Watch_Dogs lorgne, en s’en cachant à peine, du côté de Grand Theft Auto et s’il fait moins bien que le studio Rockstar, je trouve qu’on s’y amuse tout de même. Courses-poursuite réussies si on se fait au pilotage (capricieux), le jeu a le mérite de proposer une conduite qui n’est pas simpliste comme dans un Saints Row ou un Sleeping Dogs, même s’il y a des gros progrès à faire. Des gunfights réussis également, dans la moyenne haute du genre. Un aspect infiltration pas très convaincant à cause des cônes de vision, mais on a vu bien pire ailleurs. Un moteur physique qui gère les dégâts, et des décors destructibles.

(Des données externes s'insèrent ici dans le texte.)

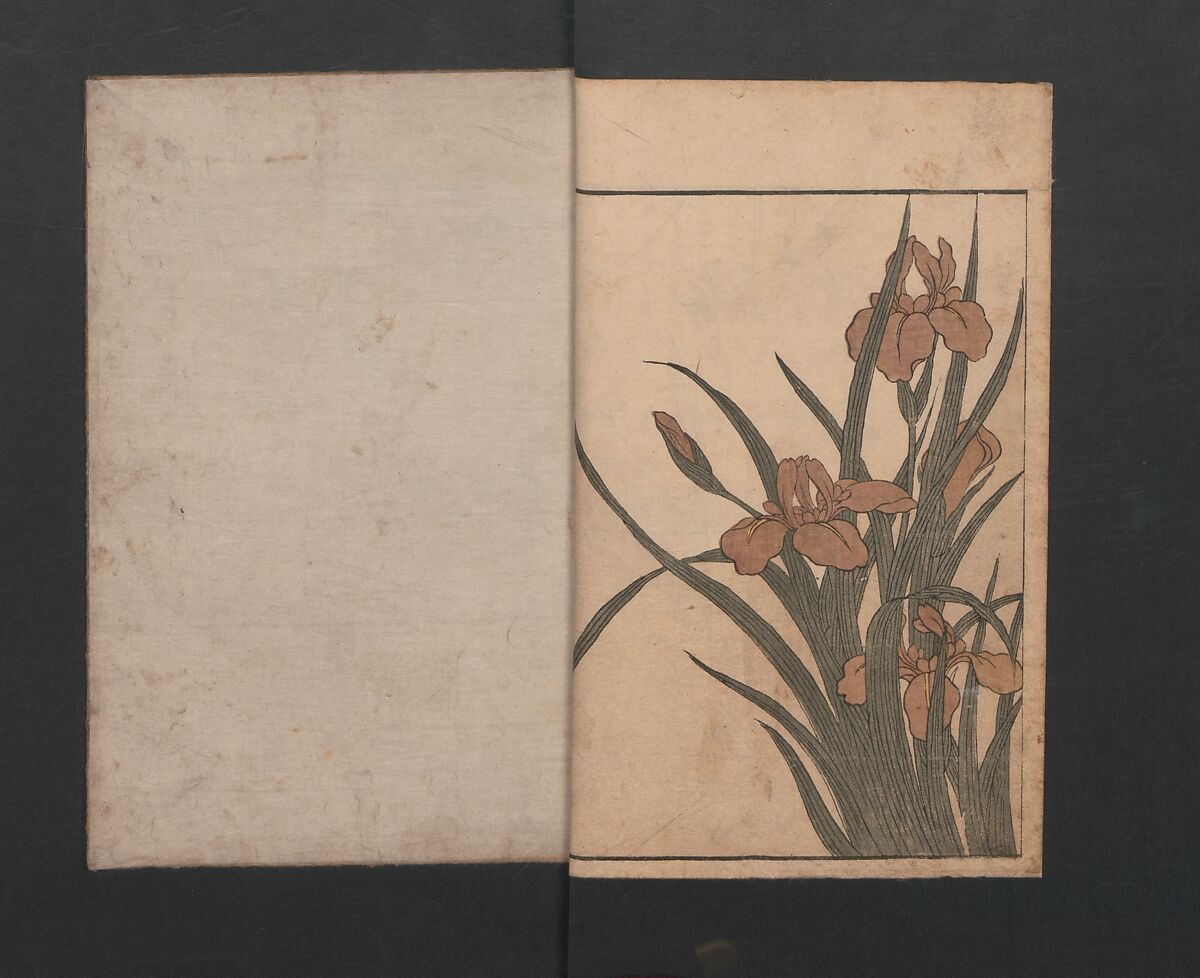 Picture Book of Flowers of the Four Seasons (Ehon shiki no hana) 絵本四季花, Kitagawa Utamaro 喜多川歌麿 (Japanese, ca. 1754–1806), Set of two polychrome woodblock printed books; ink and color on paper, Japan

Au final ce qui gâche tout, c’est cette histoire de piratage. Ubisoft a déjà pondu quelques titres qui se moquent gentiment des AAA. Pourquoi ne pas aller jusqu’au bout cette fois, tout assumer ? L’idée n’est pas de remettre en cause le genre, plutôt ne pas mentir sur ce que le jeu est vraiment ; un shooter action où on flingue un bon millier d’ennemis. En laissant tomber le piratage pour travailler un peu plus les autres aspects du jeu (plateforme plus poussée, conduite où on pourrait tirer, trouver d’autres justifications pour les embuscades à base de bornes ou autres), en écrivant un scénario léger qui permettrait de fermer les yeux sur ses lacunes, Watch_Dogs serait un divertissement tout à fait honnête. Mais il se prend tellement au sérieux, terriblement au sérieux, avec son héros faussement anti-manichéen, ses personnages génériques qu’on se fiche de voir mourir ou souffrir, son propos inintéressant et à côté de la plaque, son manque de crédibilité à d’innombrables niveaux.

Sans tomber dans la vulgarité et le mauvais goût, il n’est pas loin de Far Cry 3 qui nous proposait un jeu de survie durant les premières heures qui finissait par s’évanouir sous les grenades et les bazookas, le tout en faisant semblant que le game-design complètement déglingué était voulu, et non imposé par un cahier des charges. La promesse n’était pas tenue, ni le choix de jouer comme on le souhaite car rapidement les missions principales nous imposaient de sortir la grosse artillerie. Promesse non tenue ici également, le piratage de Watch_Dogs n’étant que l’illusion d’un trailer à l’E3 qui a fait fantasmer de nombreux joueurs, lassés des shooters, rêvant que cette fois on ferait les choses avec plus d’élégance et moins de poudre. D’autres ont su que ce ne serait pas le cas, qu’il s’agirait forcément d’un shooter avec un piratage simpliste et sans profondeur, et lance-grenade sous l’imperméable. Ils avaient raison. Et ce qui est lassant là-dedans, ce n’est pas d’avoir eu raison, mais les mensonges sans conviction qu’on perce sans effort. En se présentant tel qu’il était, sans fausses promesses, Watch_Dogs n’aurait pas été aussi prévisible, puisqu’il nous aurait coupé l’herbe sous le pied. On aurait voulu en savoir plus. Là on savait déjà tout.